Bouchard aimerait toutefois que de telles questions plus «personnelles» soient également posées à des athlètes célibataires masculins.

«On ne demanderait pas cette question à Roger Federer, puisque tout le monde sait qu’il est marié en plus d’avoir des enfants, a-t-elle souligné. Mais je serais curieuse de savoir avec qui les joueurs de soccer aimeraient avoir un rendez-vous galant.»

Bouchard, qui est rentrée à Montréal la fin de semaine dernière, se fait également reconnaître de plus en plus dans les rues de la métropole.

«Ça arrive un peu plus souvent, a-t-elle dit. J’étais surtout à la maison parce que je voulais voir ma famille, mais dans les rues, il y a plus de personnes qui me disent « bonne chance ». C’est spécial.»

Ne rien prendre pour acquis

Quant au duel contre la Serbie, la délégation canadienne, composée de Bouchard, Aleksandra Wozniak, Gabriela Dabrowski et Sharon Fichman, ne veut rien prendre pour acquis même si l’équipe rivale sera privée de ses vedettes Jelena Jankovic (8e joueuse au monde) et Ana Ivanovic (12e).

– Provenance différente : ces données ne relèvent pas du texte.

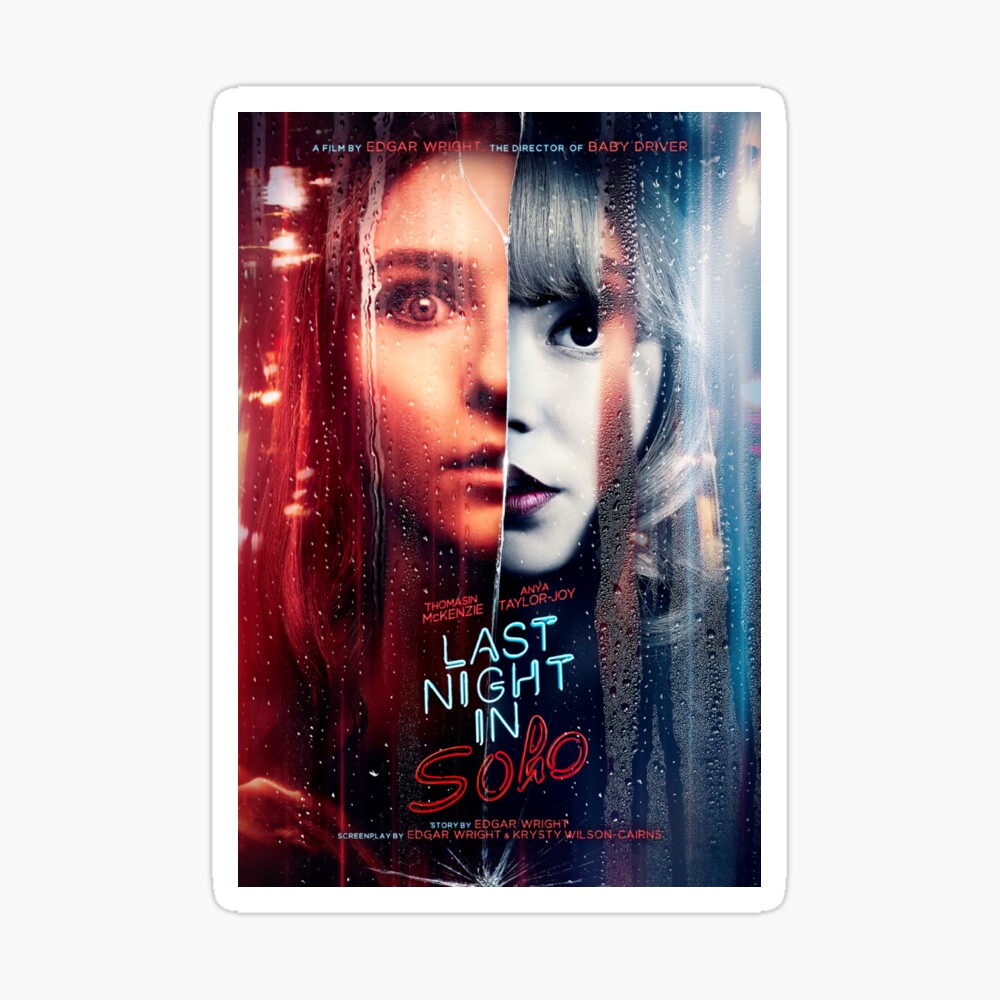 Last Night In Soho Movie Poster Poster By Feednseed Redbubble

«Nous sommes déçues de ne pas voir les deux meilleures (Jankovic et Ivanovic), a dit Bouchard. On va prendre l’avantage et essayer de faire de notre mieux, mais on ne sait jamais ce qui peut arriver.»

Les Canadiennes pourront également compter sur l’appui de la foule lors de l’affrontement, puisque les matchs seront disputés au Complexe sportif Claude-Robillard, à Montréal.

«La Fed Cup, ça n’arrive que deux fois par année, a observé Bouchard. C’est toujours spécial (de jouer devant ses partisans), on n’a pas souvent cette opportunité. Ça fait un an et demi que j’ai joué un match ici (à Montréal).»

L’entraîneur de l’équipe canadienne, Sylvain Bruneau, croit quant à lui avoir toutes les chances de son côté en vue de l’affrontement.

«Toutes les filles sont patriotiques et aiment jouer pour leur pays, a-t-il dit. C’est spécial, parce que ce n’est pas comme ça ailleurs.»

En plus d’une foule hostile, l’entraîneur de la délégation serbe, Dejan Dolonc, reconnaît que ses joueuses feront face à un défi supplémentaire en l’absence des deux têtes d’affiche du tennis serbe.

«Leur absence (à Jankovic et Ivanovic) est malheureuse, a-t-il reconnu. Je suis cependant très satisfait du groupe que j’ai sous la main, même si le défi est grand.»

On devrait connaître les formations finales du Canada et de la Serbie vendredi, à l’occasion d’un tirage au sort.